As the Facebook generation enters adulthood I do wonder if the thinly disguised reference to a sinister side of “the platform” in the latest Jason Bourne movie has any substance. For those of you who aren’t a JB fan, one of the plot lines in the latest movie reveals the agency has a “special” relationship with the architect of a rapidly growing social media platform.
Let’s face it, if you wanted to install a surveillance state, Facebook is gold. Team it with a mobile phone and there’s a basic profile without having to lift a finger from the keyboard.
Nor do I think this is particularly paranoid. It just is the way it is. A surveillance state by stealth and what could be stealthier than something we have willingly signed up for?
But getting back to the JB plot line. While I think it isn’t outlandish to claim that government agencies might have special relationships with IT companies (since in fact they do, despite the widely reported Apple iPhone case) I am more interested in the real politics. To be Machiavellian, who benefits from the rise and rise of Facebook?
Obviously Zuckerberg gets rich. One day he will catch up with his sponsor Gates. But if you look at the impacts of a rising Facebook on the old world social fabric it seems to me that something else is going on.
The claim of Facebook is that everything is social and by definition, connected. Facebook rather innocuously claims to just be what people want, despite the obvious fact that Facebook is very tightly controlled and managed. Without intervention, Facebook would be a mess, much like the world is in real life. So in a sense Facebook is a sanitized version of life with some room for a bit of nastiness.
Is it a platform for social change? Remember the chest beating about the role of social media in the Arab Spring? And where exactly did that end up? Syria? Iraq?
It has been remarked by others that Facebook tends to be a sort of echo chamber where we tend to gravitate towards comfort zones, friends we agree with, pictures we like, groups we think are worthy, pages that appeal to us. Facebook makes it extremely easy to avoid anything we don’t like or agree with. In fact we are so bombarded with stuff we like or should know about that we simply don’t have time or the energy to look at anything else. And this is happening to billion plus facebook users every day.
Sociology isn’t my area of expertise but I suspect what is going on here amounts to something that is actually the antithesis of social connections. By immersing ourselves in our echo chamber of choice we actually disconnect from the rest of society. The divide between us and them appears to disappear but only because we never have to deal with them on Facebook, until they burst into our lives armed with guns and start shooting.

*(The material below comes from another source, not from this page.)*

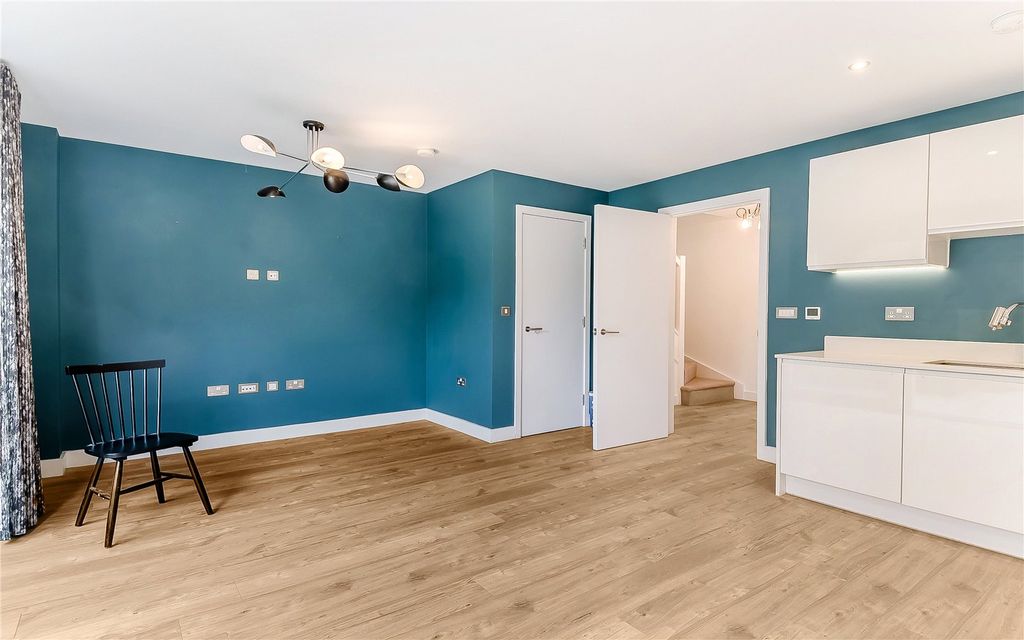 Property photo 3 of 14 Kitchen/Dining Room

A lot of screentime has been consumed recently devoted to the apparent demise of democracy, specifically the two party state variety and how fractured traditional political models have become. Is this a consequence of the Facebook effect? Impossible to answer definitively but there is something in the rise of authoritarian nationalism which is enabled by a media platform which facilitates close minded bigotry which in turn preys on the breakup of seemingly weaker tolerant liberal society.
And to which we add the spying capacity of Facebook and mobile phones. Scary huh? Particularly when you consider the role of the secret police in authoritarian regimes.
Of course the truth is usually seen as the best weapon in defense of liberty and justice but what happens when truth assumes a totally relativistic position. Well you get Trump, that what’s happens.
The advocates of change and disruption are quite strident in how we have to embrace the new. The problem is the new has some worrying old coming along for the ride and it is quite possible all this technotopia will simply usher in an age we might live to regret. If we survive.